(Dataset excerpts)
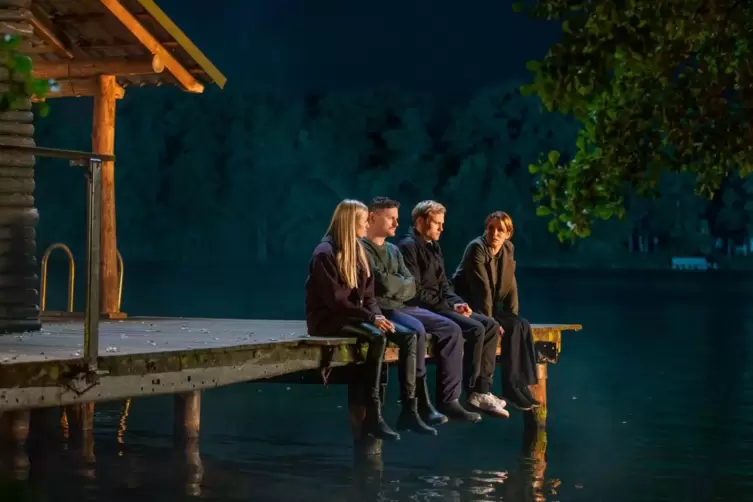 In der ZDF-Mediathek: &bdquo;Das Quartett: Dunkle Helden&ldquo; (2022) mit Anja Kling, Shenja Lacher, Annika Blendl und Anton Spieker. 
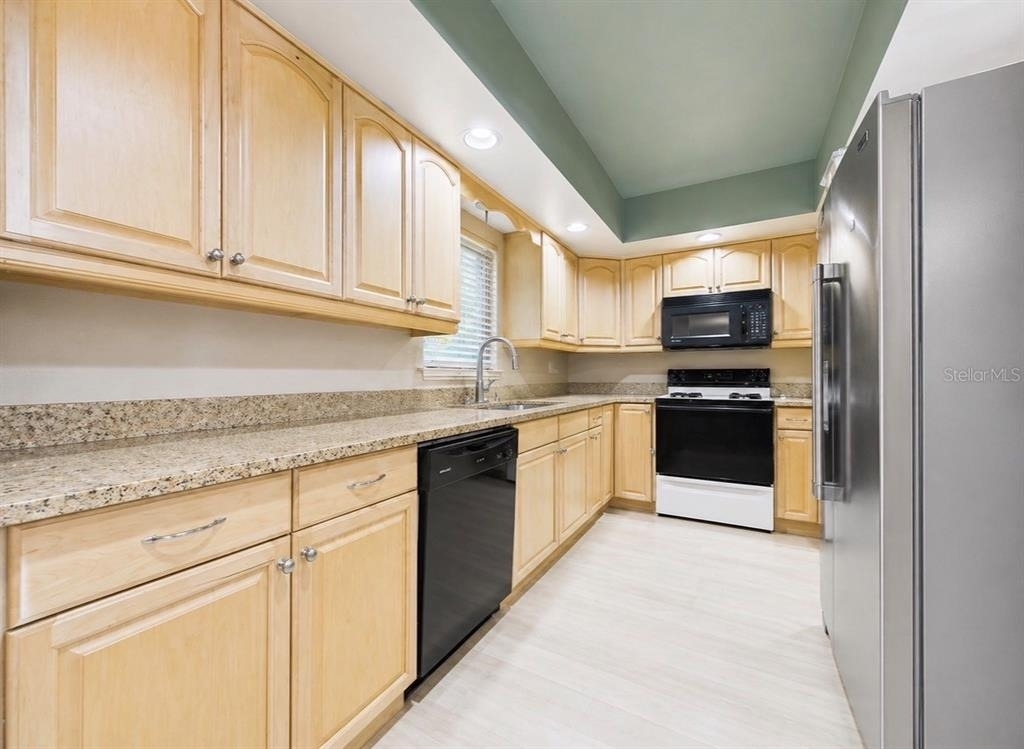2450 Pelican Court - Photo 6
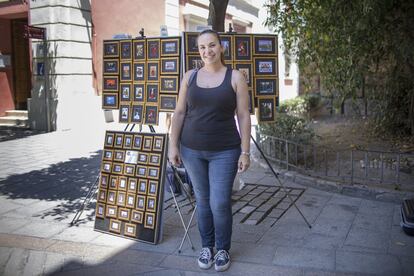 Ana Salas, 42 años. Lleva siete años vendiendo pequeños cuadros por la zona turística de Sevilla. Cuando termina a las 4 de la tarde, le cuesta recoger porque el metal de los marcos quema en exceso. Se está planteando comprar unos guantes de cocina para usarlos en ese momento.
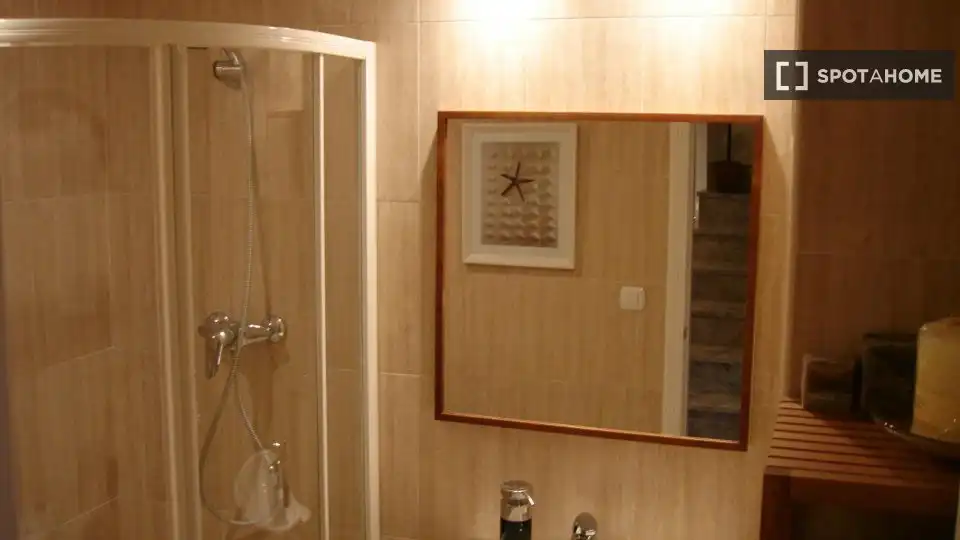 Baño de Piso de alquiler en Bétera con Aire acondicionado, Calefacción y Amueblado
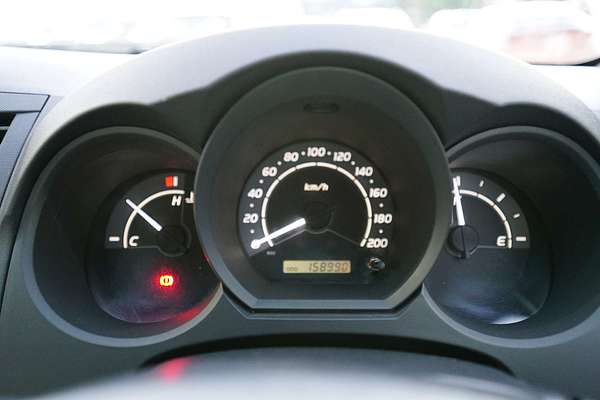 2010 Toyota Hilux 4x2 Hilux 4x2 Workmate 2.7L Petrol Automatic Single Cab C/C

Work item -
For this exercise, transcribe exactly the part of the records above that opens with the line containing "Ana Salas, 42" and closes with the one containing "Baño de Piso". Pictures are not part of the copy.

Output for this task -
 Ana Salas, 42 años. Lleva siete años vendiendo pequeños cuadros por la zona turística de Sevilla. Cuando termina a las 4 de la tarde, le cuesta recoger porque el metal de los marcos quema en exceso. Se está planteando comprar unos guantes de cocina para usarlos en ese momento.
 Baño de Piso de alquiler en Bétera con Aire acondicionado, Calefacción y Amueblado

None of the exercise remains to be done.